Pastuso (CBD)

September 14, 2018

“A prophet once said ‘Don’t tell me what a man says, don’t tell me what a man knows. Tell me where he’s traveled?’ I wonder about that, do we get smarter, more enlightenment as we travel? Does travel bring wisdom? I think there is probably no better place to find out than Peru.”— Anthony Bourdain

Perhaps I have been spoiled by Melbourne’s amazing offerings but I was in the mood for “something different” and that “something” was becoming harder and harder to find. Years of hanging out in ACDC lane between bands at Cherry Bar had me wondering about the place further down the laneway, Pastuso, which always seemed to have an ebb of flow of people coming and going.  I had never eaten Peruvian – so I was very curious.

A quick glance at their menu and I was instantly intrigued. Pastuso devotes a whole section  to ceviche –  I was won over.

Inside, the interior of Pastuso is chic, classic with bursts of colour. The waiter was friendly and knew how to help us navigate the menu with expert finesse.
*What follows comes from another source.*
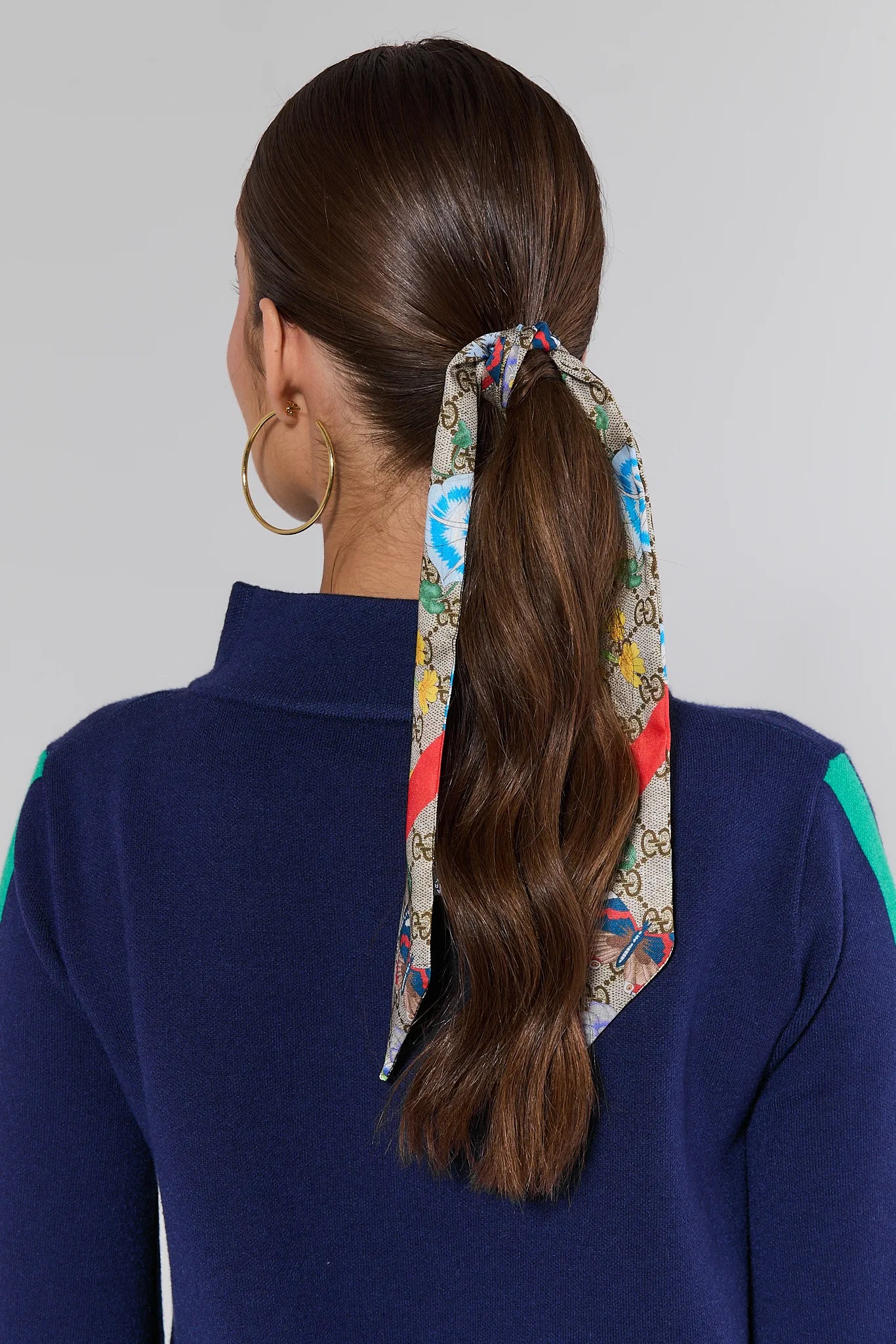 Anders Orange Printed Scarf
The kingfish ceviche with aji mirasol and miso dressing, crispy nori seaweed and flying fish roe was first to arrive. A pleasant palate wetter for what was to come. The kingfish was light, juicy and the light rice crackers added a textual delight to the cured kingfish.

We ended up ordering 2 dishes from the ceviche menu – it was too hard to stop at the kingfish. The red prawn ceviche was creamy, zesty and light. The strips of pickled seaweed added a salty vinegar to the dish which was a great balance.

I’d never tried Alpaca before – in fact, I hadn’t really considered alpaca could be used in a dish. So of course we ordered the alpaca croquette just to feed my desire to try something new. The croquette was a crisp, deep-fried square, containing pulled, smoked alpaca meat. Reminiscent of pulled, spoked pork with a whiff of gaminess. Scooped up with the spicy XYZ sauce rounded out the dish.

The corn bread with whipped feta was the unexpected star dish. The zesty topping, creamier than creamy feta and spongy corn bread was amazing and would be the perfect accompaniment to any dish.

Those who know me well know that I am never one to turn down fried chicken. Ever. The fried chicken starter featured four lightly battered but super crisp boneless pieces of chicken on top of a lima bean and aji amarillo puree, topped with a mild-spicy salsa.  The lima bean puree was smooth and silky. This was a solid dish but unfortunately didn’t have the wow factor compared to the other dishes we had ordered so far.

The grilled pork was the last to arrive, from the Fuegos menu. Sliced into succulent slices, this was melty, grilled pork executed to the finest degree. I think that all diners should at least try an item from this menu and I couldn’t help but ogle the smoked chicken that was plonked on the table next to us.

Our dinner at Pastuso was such a fabulous experience. The service was great, knowledgeable but not at all pretentious.  The menu was unique and there wasn’t a menu item I didn’t want to try which is always a sign that I need to return to sample the other offerings. If you’re in the mood for something that is intimate, interesting and good for a dinner spent over a few hours, then I would highly recommend adding Pastuso to the wish list.